Every few years, there is a new trend in the pastry world. A decade ago, it was cupcakes, whose superiority was challenged by whoopie pies. Then, French macarons popped up everywhere from elegant bakeries to local corner shops.
Now, eclairs are making their triumphant return. They’ve already swept bakeries in Paris, they’re popping up in New York, and the invasion has begun in London.
So why eclairs, and why now?
One reason for the eclair's reemergence is the explosion of high quality French bakeries in the city. Maison Kayser, Francois Payard Bakery, Epicerie Boulud, Dominique Ansel, and Mille Feuille have all added multiple locations in Manhattan in just the last two years.

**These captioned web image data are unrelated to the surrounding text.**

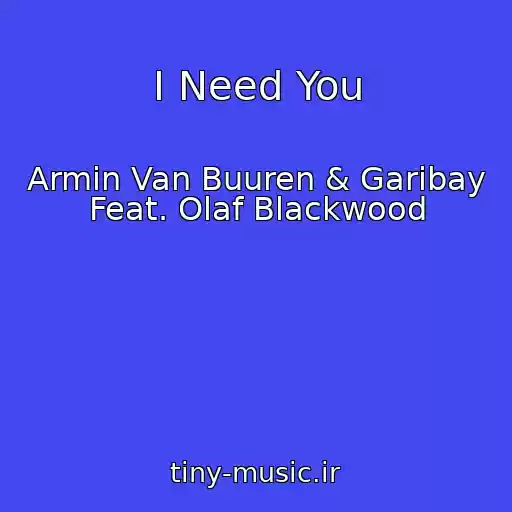 کاور آهنگ I Need You از Armin Van Buuren & Garibay Feat. Olaf Blackwood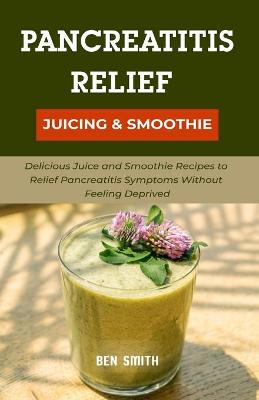 Book cover for Pancreatitis Relief Juicing & Smoothie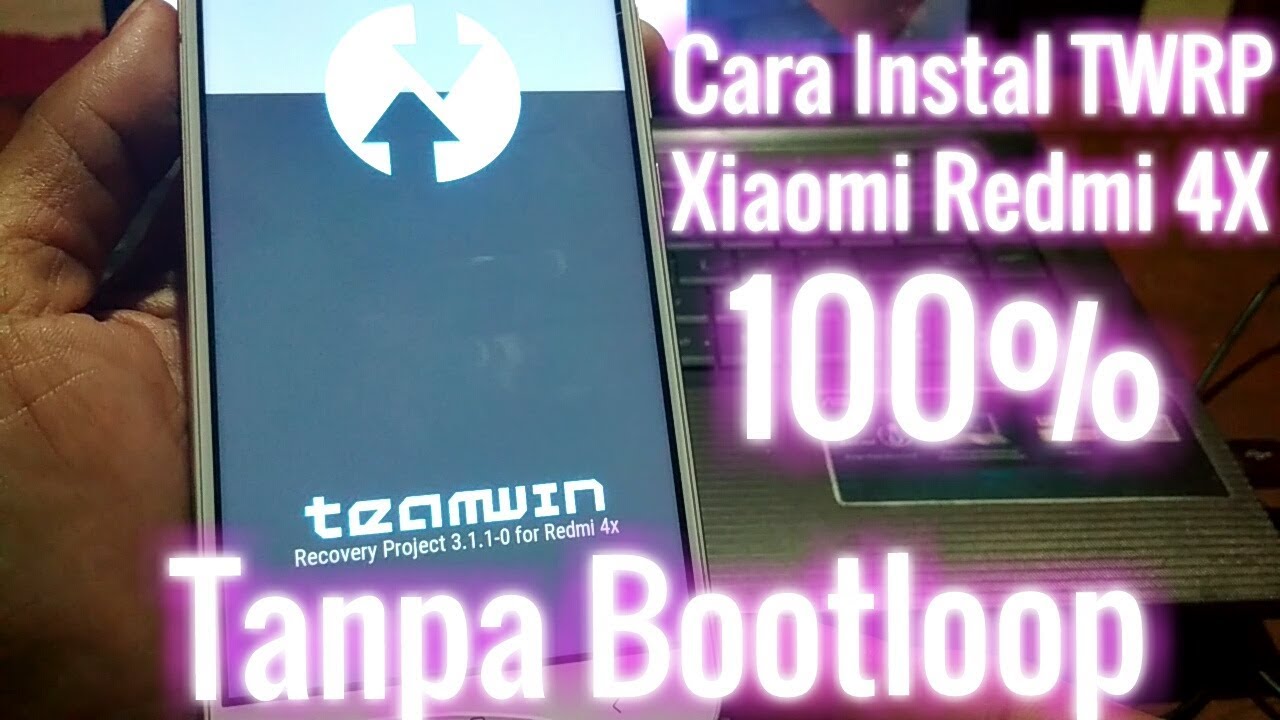 Cara Instal TWRP Redmi 4X aman tanpa Bootloop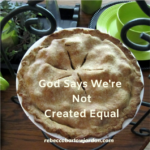 God Says We’re Not Created Equal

With more competition than ever before, the city's French pastry chefs have been forced to reimagine the eclair from a staid, old-school pastry to a blank canvas for exploring new flavors, fillings, and toppings.
Another factor in this trend is that the pressure to innovate comes not just from local competition, but also from Paris. That city's macaron trend preceded our boom by five to 10 years, and it's happening again with eclairs. Paris currently has at least four eclair-only shops, and famous names like Fauchon offer dozens of varieties that often change the seasons. Some of the eclair trends from Paris have already been adopted by New York pastry chefs, like the use of crackly-looking craquelin-style pâte a choux.
Just as eclairs have taken Paris and London and New York, they’re likely to spread quickly across the U.S. If the experience with cupcakes and macarons is any guide, it won’t take long before luxury eclairs appear at your nearby dessert place.